Work instructions =
Every line below that holds the word "Print" counts once; please tally them and give only the total.

======== Source material

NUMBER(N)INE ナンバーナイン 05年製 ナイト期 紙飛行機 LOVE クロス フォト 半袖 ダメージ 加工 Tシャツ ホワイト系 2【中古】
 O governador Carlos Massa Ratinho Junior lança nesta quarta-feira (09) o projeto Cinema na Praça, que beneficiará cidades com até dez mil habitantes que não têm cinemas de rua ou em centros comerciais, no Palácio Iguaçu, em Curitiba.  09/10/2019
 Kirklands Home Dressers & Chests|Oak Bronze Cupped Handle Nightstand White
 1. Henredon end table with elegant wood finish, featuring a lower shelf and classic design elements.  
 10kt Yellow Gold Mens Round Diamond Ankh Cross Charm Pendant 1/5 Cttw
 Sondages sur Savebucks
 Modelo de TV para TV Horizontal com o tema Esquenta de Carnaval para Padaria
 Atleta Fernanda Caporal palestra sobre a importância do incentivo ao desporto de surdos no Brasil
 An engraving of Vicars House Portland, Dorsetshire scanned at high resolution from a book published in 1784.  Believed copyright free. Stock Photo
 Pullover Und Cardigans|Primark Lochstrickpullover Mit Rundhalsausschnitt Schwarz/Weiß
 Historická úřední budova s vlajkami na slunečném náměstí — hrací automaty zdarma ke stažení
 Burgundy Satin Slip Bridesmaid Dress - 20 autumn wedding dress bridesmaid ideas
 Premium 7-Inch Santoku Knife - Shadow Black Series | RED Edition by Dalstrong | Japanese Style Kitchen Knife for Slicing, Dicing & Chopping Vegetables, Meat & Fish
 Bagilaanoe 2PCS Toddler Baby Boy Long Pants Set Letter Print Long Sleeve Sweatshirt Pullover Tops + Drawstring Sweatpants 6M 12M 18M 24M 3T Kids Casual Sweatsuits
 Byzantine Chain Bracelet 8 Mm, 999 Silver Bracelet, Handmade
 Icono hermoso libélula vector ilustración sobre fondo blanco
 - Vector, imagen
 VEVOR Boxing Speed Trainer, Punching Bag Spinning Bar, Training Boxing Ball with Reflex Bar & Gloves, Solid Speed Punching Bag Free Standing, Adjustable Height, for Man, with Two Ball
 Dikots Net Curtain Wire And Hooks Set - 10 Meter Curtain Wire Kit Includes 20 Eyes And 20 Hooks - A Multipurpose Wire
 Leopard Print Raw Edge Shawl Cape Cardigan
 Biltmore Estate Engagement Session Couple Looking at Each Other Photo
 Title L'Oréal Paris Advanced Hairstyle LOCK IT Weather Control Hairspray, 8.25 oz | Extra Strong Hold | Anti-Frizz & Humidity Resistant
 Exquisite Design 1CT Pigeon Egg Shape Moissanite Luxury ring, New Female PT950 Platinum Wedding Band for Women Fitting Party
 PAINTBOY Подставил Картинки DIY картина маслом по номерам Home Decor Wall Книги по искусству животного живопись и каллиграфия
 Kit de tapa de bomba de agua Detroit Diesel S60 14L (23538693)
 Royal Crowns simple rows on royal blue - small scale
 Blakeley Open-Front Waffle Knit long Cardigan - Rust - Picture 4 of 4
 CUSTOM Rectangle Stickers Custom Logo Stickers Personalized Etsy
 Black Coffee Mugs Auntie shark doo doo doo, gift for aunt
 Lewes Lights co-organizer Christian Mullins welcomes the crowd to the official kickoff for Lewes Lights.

================

Reply to the exercise =
2